= Task prompt =
One part of the entries below is wanted: the lines from the one containing "Nora’s Nursery Cloth" through the one containing "Desert Boho Joshua". Write those out exactly and nothing else.

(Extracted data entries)
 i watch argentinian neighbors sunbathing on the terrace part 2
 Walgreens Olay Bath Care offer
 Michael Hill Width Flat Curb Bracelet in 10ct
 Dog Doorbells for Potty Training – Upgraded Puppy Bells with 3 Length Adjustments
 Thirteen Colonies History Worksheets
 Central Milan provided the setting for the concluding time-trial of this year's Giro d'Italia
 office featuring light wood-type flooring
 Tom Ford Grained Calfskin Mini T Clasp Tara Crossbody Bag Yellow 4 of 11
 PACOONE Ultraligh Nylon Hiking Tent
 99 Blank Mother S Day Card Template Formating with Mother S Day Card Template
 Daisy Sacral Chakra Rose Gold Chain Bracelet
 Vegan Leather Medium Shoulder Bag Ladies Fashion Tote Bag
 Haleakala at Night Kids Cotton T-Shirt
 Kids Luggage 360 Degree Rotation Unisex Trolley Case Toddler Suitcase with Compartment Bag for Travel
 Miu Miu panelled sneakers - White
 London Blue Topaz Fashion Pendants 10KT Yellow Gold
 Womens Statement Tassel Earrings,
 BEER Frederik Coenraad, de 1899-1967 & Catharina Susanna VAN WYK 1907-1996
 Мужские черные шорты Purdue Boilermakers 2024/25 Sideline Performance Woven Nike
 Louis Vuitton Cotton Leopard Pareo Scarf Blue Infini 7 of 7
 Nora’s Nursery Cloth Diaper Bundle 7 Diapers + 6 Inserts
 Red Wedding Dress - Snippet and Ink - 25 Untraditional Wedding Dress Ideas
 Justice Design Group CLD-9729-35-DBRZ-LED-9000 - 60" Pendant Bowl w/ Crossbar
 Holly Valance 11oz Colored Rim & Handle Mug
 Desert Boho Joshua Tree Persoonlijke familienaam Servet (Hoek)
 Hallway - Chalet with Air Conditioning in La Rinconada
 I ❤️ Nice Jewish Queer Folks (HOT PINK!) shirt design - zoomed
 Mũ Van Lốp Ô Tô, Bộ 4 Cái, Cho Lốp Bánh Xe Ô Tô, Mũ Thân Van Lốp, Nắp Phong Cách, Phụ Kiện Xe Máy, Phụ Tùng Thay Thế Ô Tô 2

= Final answer =
 Nora’s Nursery Cloth Diaper Bundle 7 Diapers + 6 Inserts
 Red Wedding Dress - Snippet and Ink - 25 Untraditional Wedding Dress Ideas
 Justice Design Group CLD-9729-35-DBRZ-LED-9000 - 60" Pendant Bowl w/ Crossbar
 Holly Valance 11oz Colored Rim & Handle Mug
 Desert Boho Joshua Tree Persoonlijke familienaam Servet (Hoek)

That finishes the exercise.